It is worth noting that each plugin instance, will be initialized with a copy of the default_params ParameterCollection. Therefore, plugins do not share any Parameter objects with other plugins.

For further examples of how to define the default_params, please have a look at the Plugin default parameter definition examples.

(go back to top of the page)

Handling dynamic data dimensionality

Some plugins should always handle 1-dimensional data but can be supplied with multi-dimensional input data. For example, a plugin can be designed to work with an integrated azimuthal line profile, but should also work with a series of line profiles which are generated from a two-dimensional integration.

Pydidas provides a mechanism to handle this situation by using the process_1d_with_multi_input_dims decorator on the execute method. This decorator will requires the process_data_dim Parameter which is defined in the generic parameters.

The process_1d_with_multi_input_dims decorator will automatically handle all necessary steps and the execute method must be written as if it handled 1-dimensional data only.

Please see the Handling dynamic data dimensionality example for further details.

(go back to top of the page)

Intermediate and detailed results

For some applications, it is useful for the user to have access to intermediate results of the processing, for example for fitting or automatic classifications. The intermediate results are used for automatic visualization and therefore require a specific form. Pydidas provides an automatic mechanism to access intermediate results. The plugin’s _details attribute is used to store the intermediate results as a dict with a None key and a dict value. The detailed_results_dict details will be laid out below.

A detailed_results property must also be defined to access the detailed results.

def execute(self, data: Dataset, **kwargs: dict) -> tuple[Dataset, dict]:
    # Do some processing
    if kwargs.get("store_details", False):
        self._details = {None: detailed_results_dict}
    return data, kwargs

@property
def detailed_results(self) -> dict:
    return self._details

The rationale behind this is that detailed results must also be available for plugins which allow dynamic data dimensionality. In this case, the process_1d_with_multi_input_dims decorator stores the detailed results with the correct keys and None was selected as generic key because no data will use the :py:data`None` key.

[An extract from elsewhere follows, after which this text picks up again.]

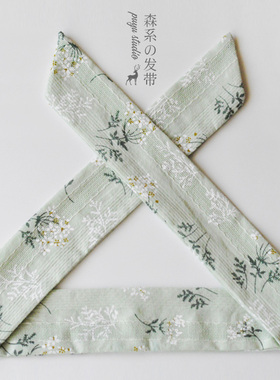 朴遇 古风印花森系文艺简约清新铁丝兔耳朵发带绑发领巾头饰发饰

The detailed_results_dict also has a defined structure. The following keys are required:

  • n_plots (type: int):

    The number of plots used by this Plugin.

  • plot_titles (type: dict):

    A dictionary with the plot titles. The keys are the plot indices and the values are the plot titles. Example "plot_titles" : {0: "Title A", 1: "Title B"}.

  • metadata (type: str):

    Additional metadata to be given to the user. The metadata must be in string format and if a specific formatting is required for readability, the plugin must provide this formatting.

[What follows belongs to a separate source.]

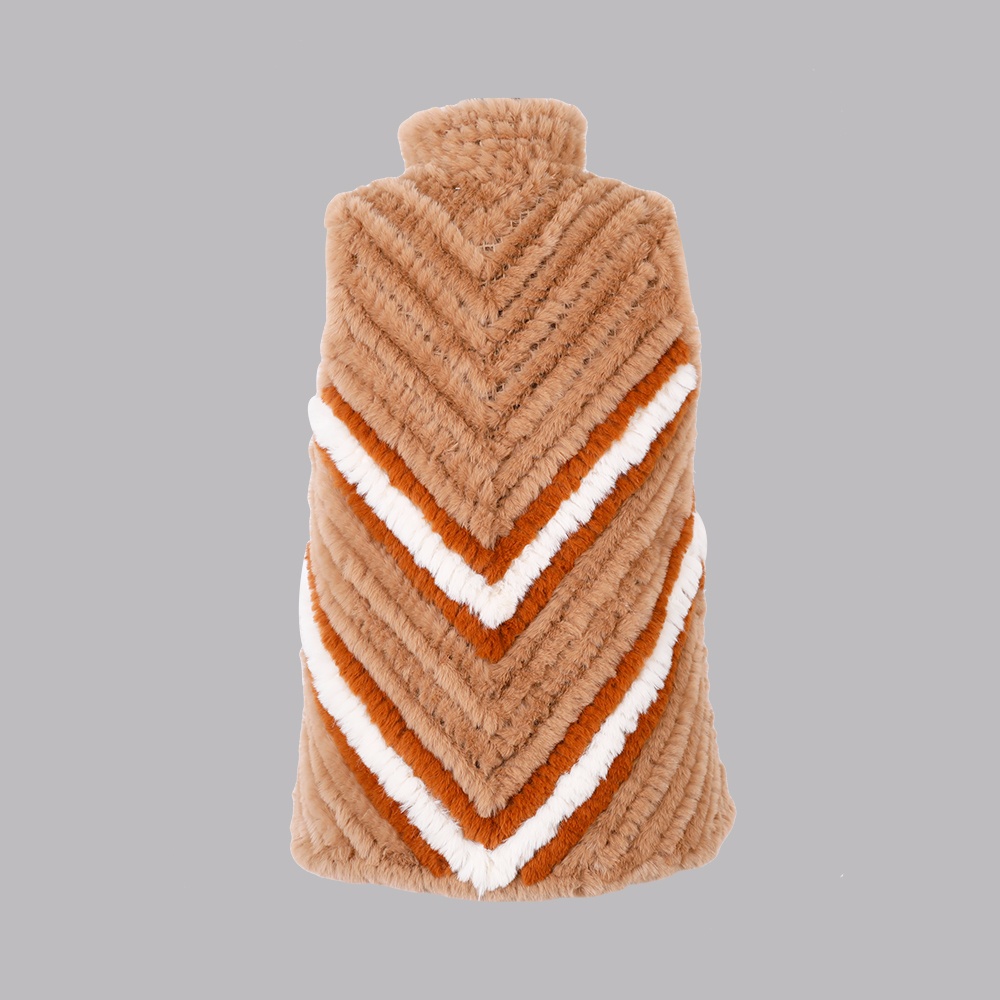 人造毛編織立領背心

  • items (type: list[dict]):

    A list with the individual items to be plotted. Each item must be a dictionary with the following keys:

    • plot (type: int):

      The index of the plot to which the item belongs.

    • label (type: str):

      The label of the plot item for the legend.

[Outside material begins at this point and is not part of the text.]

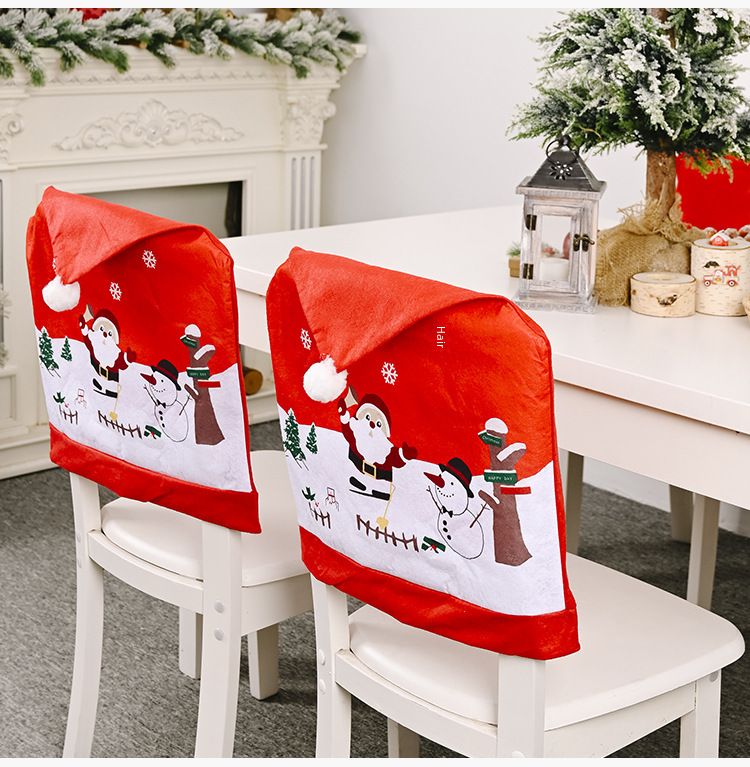 Decorazione natalizia Haube Coprisedia creativo in tessuto non tessuto con pupazzo di neve per anziani Coprisedia stampato rosso Coprisgabello_voghion.com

    • data (type: Dataset):

      The data to be plotted.

For an example, please see the Intermediate and detailed results example.

Note

Detailed results are only available if the user has selected to store them. This can be by using the store_details=True keyword argument in the execute method. Because kwargs are passed down through the WorkflowTree to all the plugins, the store_details=True can be called in the execute_process method of the WorkflowTree.

Examples

Plugin default parameter definition examples

Example 1: A plugin with a only generic Parameter objects

The following example shows an incomplete class definition of a plugin with only four generic Parameter objects.

from pydidas.core.generic_params import get_generic_param_collection
from pydidas.plugins import BasePlugin

class MyPlugin(BasePlugin):

    default_params = get_generic_param_collection(
        "filename",
        "threshold_low",
        "threshold_high",
        "multiplicator",
    )

Back to "Defining plugin Parameters" section (go back to top of the page)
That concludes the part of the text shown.